A few months ago, Nadia Hilou was an Arab lawmaker in a predominantly Jewish party, an adept political mover and a pragmatic voice for Arab-Jewish coexistence.

Associated Press Writer

JAFFA, Israel —

A few months ago, Nadia Hilou was an Arab lawmaker in a predominantly Jewish party, an adept political mover and a pragmatic voice for Arab-Jewish coexistence.

Since then, a general election has given rise to politicians who view Israeli Arabs like her as a potential threat to the state. With her center-left party, Labor, badly beaten in the vote, Hilou sits sidelined in a half-built office building far from the halls of power in Jerusalem, overlooking an old cemetery and the Mediterranean Sea.

The scene, with its overtones of disappointment and lost opportunity, aptly captures this fraught moment between the two peoples that uncomfortably share the state of Israel. Right now, voices like Hilou's are silent.

Israeli Arabs, subject to decades of discrimination, and Israeli Jews, mistrustful of an alienated minority with ties to their enemies, are becoming increasingly suspicious of each other as they grow further apart.

Last month, newly empowered hard-liners in parliament introduced three pieces of legislation aimed at Israel's Arab minority, about one-fifth of the country's 7 million people.

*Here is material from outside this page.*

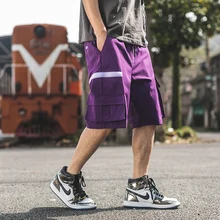 Мужские короткие брюки с большим количеством карманов мужские шорты Карго уличная хип хоп свободные модные повседневные шаровары джоггеры спортивные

The bills proposed linking citizenship to a loyalty oath, outlawing any public questioning of Israel's Jewish nature, and banning public grieving over the Arab defeat and exile at the time of Israel's independence in 1948.

At the same time, a new poll showed that 41 percent of Israeli Arabs, who have shared a country with Jews for six decades, said they believed the Holocaust never happened. Barely half said Israel had the right to exist.

While the relationship between Israel's Jewish and Arab citizens has suffered years of ups and downs, it is difficult not to see the recent events as a low point.

"Someone needs to see that a red warning light is blinking," said the Hilou, 55, her hair dyed blond and elegantly coifed and her Hebrew flawless.

While many of Israel's Arabs remain estranged from the state, Hilou's life has been dedicated to changing the system from within. She was born in the coastal town Jaffa, just south of Tel Aviv, in 1953, five years after most of its Arab population fled or was expelled in the fighting that surrounded Israel's creation.

She earned two degrees at Israeli universities, held a string of influential positions in government offices and women's organizations, and eventually joined the once-dominant but fading Labor Party.

In February's election, Labor slid into fourth place behind Yisrael Beitenu, a party whose election campaign assailed the perceived disloyalty of Israel's Arabs, threatened to revoke their citizenship and boasted that only its tough-talking leader, Avigdor Lieberman, truly "understands Arabic."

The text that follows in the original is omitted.